What are the risks for smishing?
Smishing can lead to visiting a malicious website or calling a fraudulent phone number. The most common risk is downloading a Trojan horse (malware). Such a Trojan horse can turn the device into a zombie, allowing it to be controlled by hackers. Zombie devices are part of botnets, which are used to launch denial of service attacks, sending spam, …etc.
How to protect yourself from Smishing?
- Don’t click on links you get on your phone unless you know the person they are coming from. Even if you get a text message with a link from a friend, consider verifying it first with the sender before clicking on the link.
- Never install apps from text messages. Always use official app store for installing apps. They have vigorous testing procedures in place to filter out malwares and other known threats.
- Never give away any personal or financial information. If possible, block the suspicious number as well.
- Don’t feel pressured into responding back to a message or call. Legitimate organizations give you the time to react. Only call valid numbers (e.g., the bank’s number can be found on the back of your card).
In general, you don’t want to reply to text messages from people you don’t know. That’s the best way to remain safe.
Vishing is a combination of the word “voice” and the word “phishing”. It refers to phishing scams done over the phone. Individuals are tricked into revealing critical financial or personal information. Vishing works like phishing but does not always occur over the Internet and is carried out using voice technology.
Commonly considered techniques:
- Skilled scammers/hackers have everything in place to sound legitimate:
- Right information: they already have your name, address, phone number and bank details. In fact, all the information you would expect a genuine caller to have.
- Urgency: You are made to believe your money is in danger and that you have to act quickly. Fear often leads people into acting without thinking.
- Phone skills: The phone number appears as if it’s coming from somewhere else (i.e. spoofing).
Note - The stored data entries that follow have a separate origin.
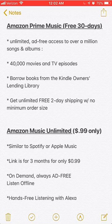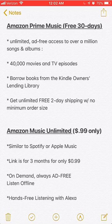The first link is for a free 30-day trial, and the second link is for three months of Amazon Music Unlimited for only 99 cents a month. Both of these links are in my video description, so click on my video description and you'll be able to access both of these links.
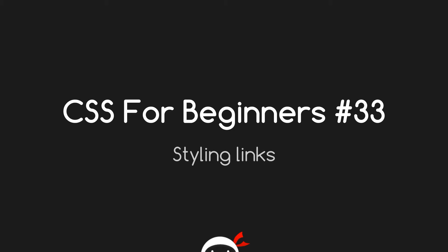What's up guys, welcome to your 33rd lesson in CSS for beginners. In this lesson we're going to take what we've learned so far to do with font styling and we're going to style up some links.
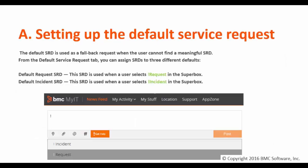The default SRD is used as a fallback request when a user cannot find a meaningful SRD. If a user goes to the super box and just selects an exclamation mark for a request or for an incident, you can configure a fallback default SRD.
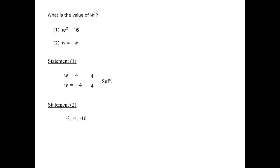Therefore, when we are looking at number 2 alone, not in conjunction with number 1, number 2 is insufficient. Therefore, the correct answer is A.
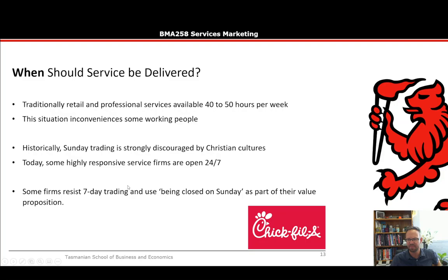However, some firms continue to resist seven-day trading and use being closed on Sundays as part of their value proposition. Chick-fil-A is an American chain renowned for being closed on Sundays — giving their staff a day of rest. Obviously some firms can't do that, like hospitals and police stations, where people need help around the clock. Some services simply require 24/7 coverage.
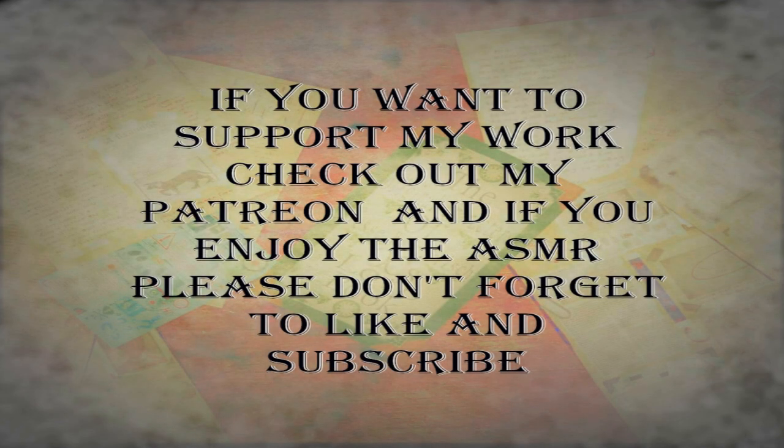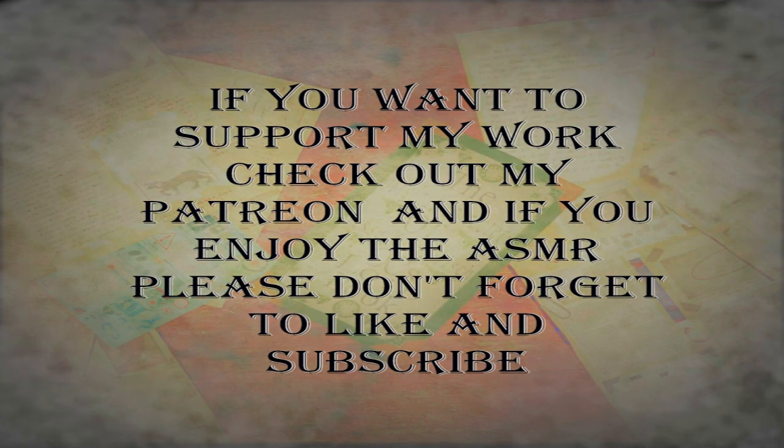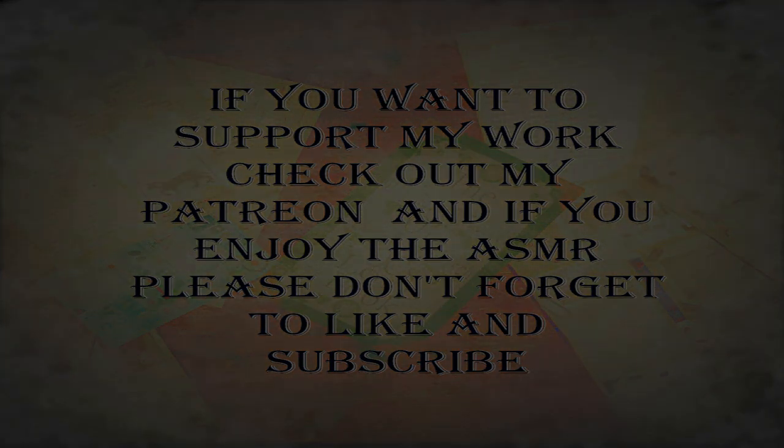If you want to support my work, check out my Patreon. And if you enjoy the ASMR, please don't forget to like and subscribe.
So, you pick up the phone already believing the caller as the number seems convincing.
- Business atmosphere: You hear a lot of background noise so it sounds like a call center rather than a guy in a basement. The scammers either do have a call center, or are playing sound effects.
- If the victim falls for the scam and provides personal information, he or she mostly ends up becoming a victim of identity theft.
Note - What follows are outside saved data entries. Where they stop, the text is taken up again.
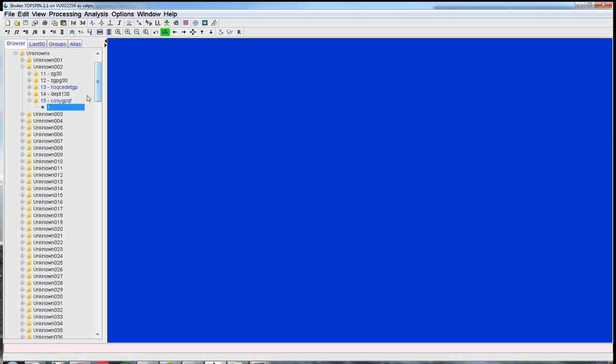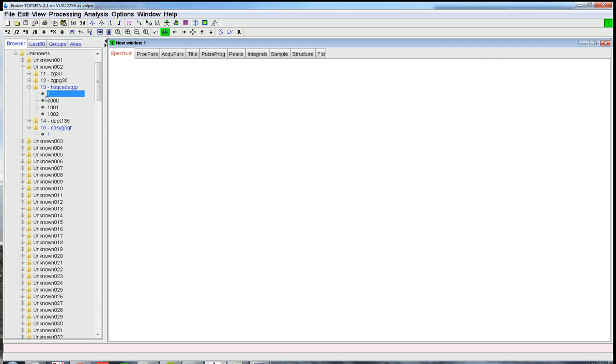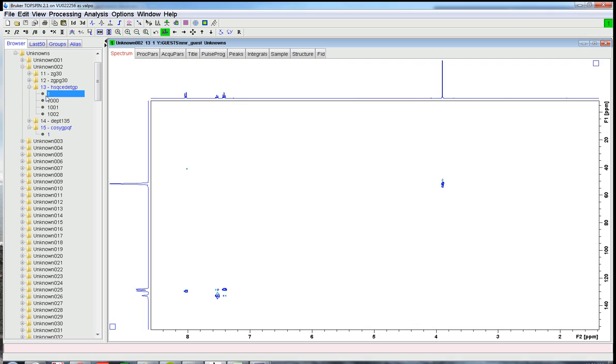All right, and now the HSQC data. So double click, and double click on the one here. Okay, and this is a huge data file, and again, it might take 10 seconds or 30 seconds to pop up here. All right, so there it is.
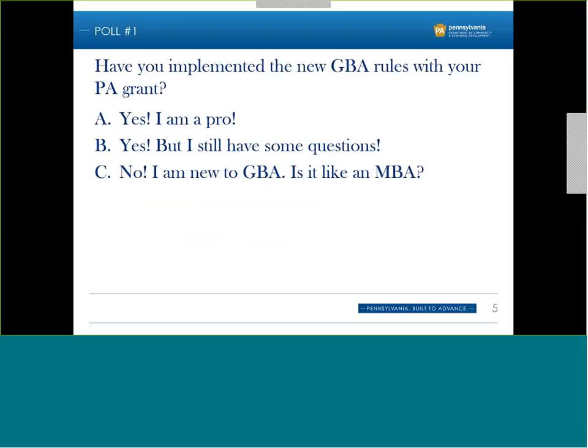We're going to start with a poll — the first of two. The question is: have you implemented the new GBA (grants-based accounting) rules with your Pennsylvania grant? You have three choices: A — Yes, I'm a pro; B — Yes, but I still have some questions; or C — No, I am new to grants-based accounting.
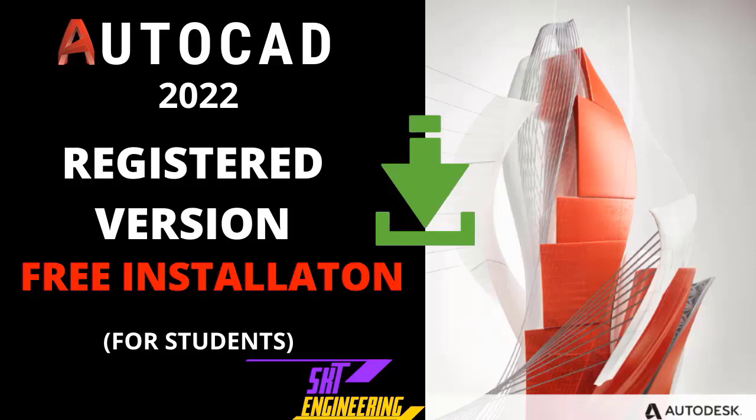Welcome to SKT Engineering YouTube channel. In this lecture, I will tell you how to download AutoCAD 2022 registered version for free.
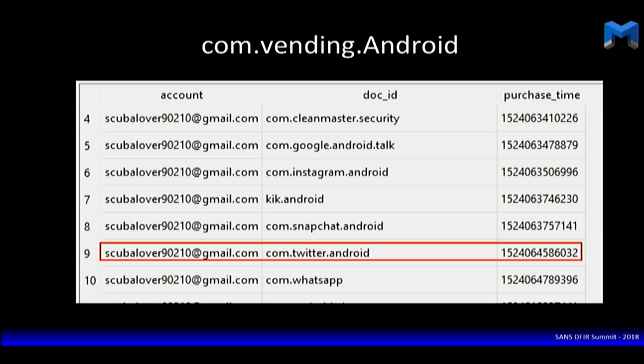We have to start at the beginning of when an application is installed. A lot of people tend to look at com.vending.android, but when I'm looking at apps installed on a device, I actually don't use that particular location. I tend to use packages.xml or packages.list. And I'll clarify: all of these artifacts require a physical image — none of these are backed up in a logical extraction.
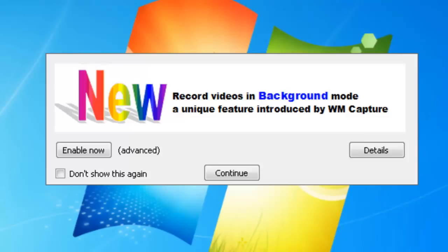Background mode is a wonderful revolutionary new feature in WM Capture and we're super excited for you to try it. Let me show you how easy it is to set up.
How and why is it so easy?
Vishing attacks are hard to trace, because they ‘mostly’ use VoIP (Voice over Internet Protocol), which means they start and end a call on a computer that can be located anywhere in the world.
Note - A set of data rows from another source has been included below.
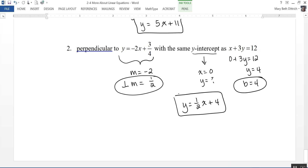In this section, we took a look at more information about linear equations. We talked about point-slope form and standard form, did a nice review of the different ways to write equations of lines, saw how to graph using standard form, and talked about how to find the equations of parallel and perpendicular lines.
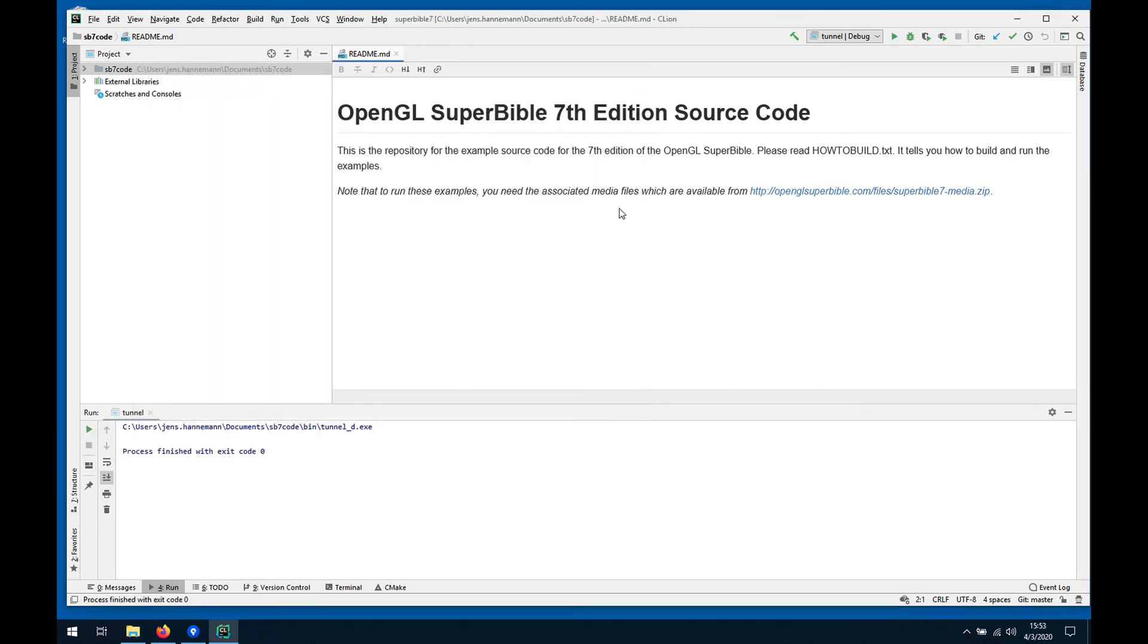That's it. The toolchain is installed, media pack is installed, and we can now start playing around with OpenGL.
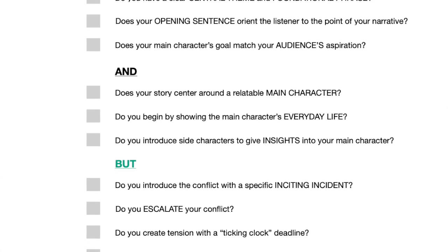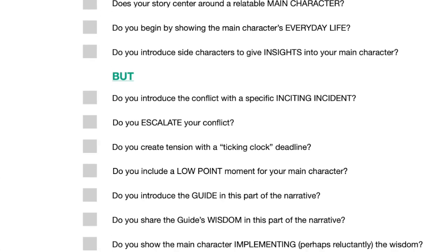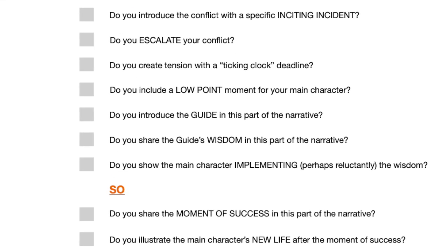The checklist is a final review tool. It ensures all necessary elements are included in your narrative. By ticking off each item, you can be confident that your story is complete and impactful. Also, as part of this toolkit, you will get instructional videos that show you how to easily use these and incorporate them into your storytelling process.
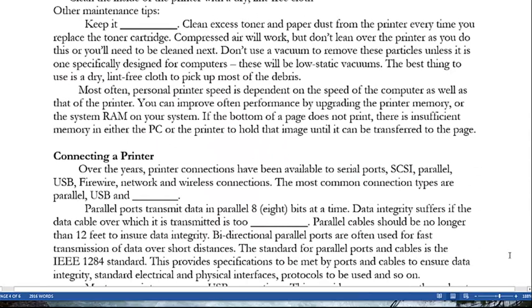Other maintenance tips: keep the printer clean by removing excess toner and paper dust every time you replace the toner cartridge. Compressed air will work, but don't lean over the printer while doing this. Don't use a regular vacuum — only one specifically designed for computers, which will be a low-static vacuum. Use a dry lint-free cloth to pick up most debris. Personal printer speed depends on the speed of the computer as well as the printer; you can often improve performance by upgrading printer memory or system RAM. If the bottom of a page does not print, there is insufficient memory in the PC or printer to hold that image.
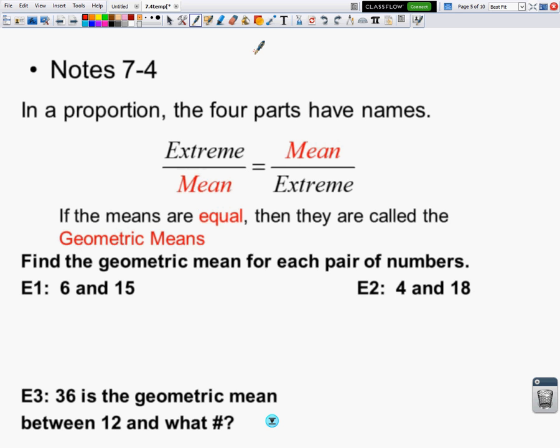We are going to talk about geometric means. A geometric mean not only shows up in a proportion, but it shows up in a specific type of right triangle when they draw in an altitude from the right angle to the hypotenuse.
And how does your telecommunications company or bank come up on your caller ID when it is actually a number from an attacker? They “spoof” it. There are services out there, like Spoofcard, Burner (free mobile app), .. that allow you to “spoof” your number so that whoever you’re calling doesn’t know that it’s you. You can display any number you want. This allows vishing attacks to look perfectly legitimate on a person’s Caller ID. Spoofing numbers is sometimes legal (fighting against spam, privacy, etc) and sometimes not (online fraud, ..etc) — depending on regional laws and regulations.
How to protect yourself from Vishing?
- Never call the number given to you or displayed on your Caller ID (unless it’s a number from a friend, relative, etc.). Take the time to look up the legitimate number and then call it.
- Never give out any personal information — to anyone! This actually goes for any type of request for personal information. Just FYI: Legitimate companies do not ask for your social security number, national ID numbers, credit card numbers OR PIN’s via phone.
Hang up if you get a suspicious call. Before calling back the legitime number of the company, do a bit of research on internet. Most probably other victims will already have published information about it.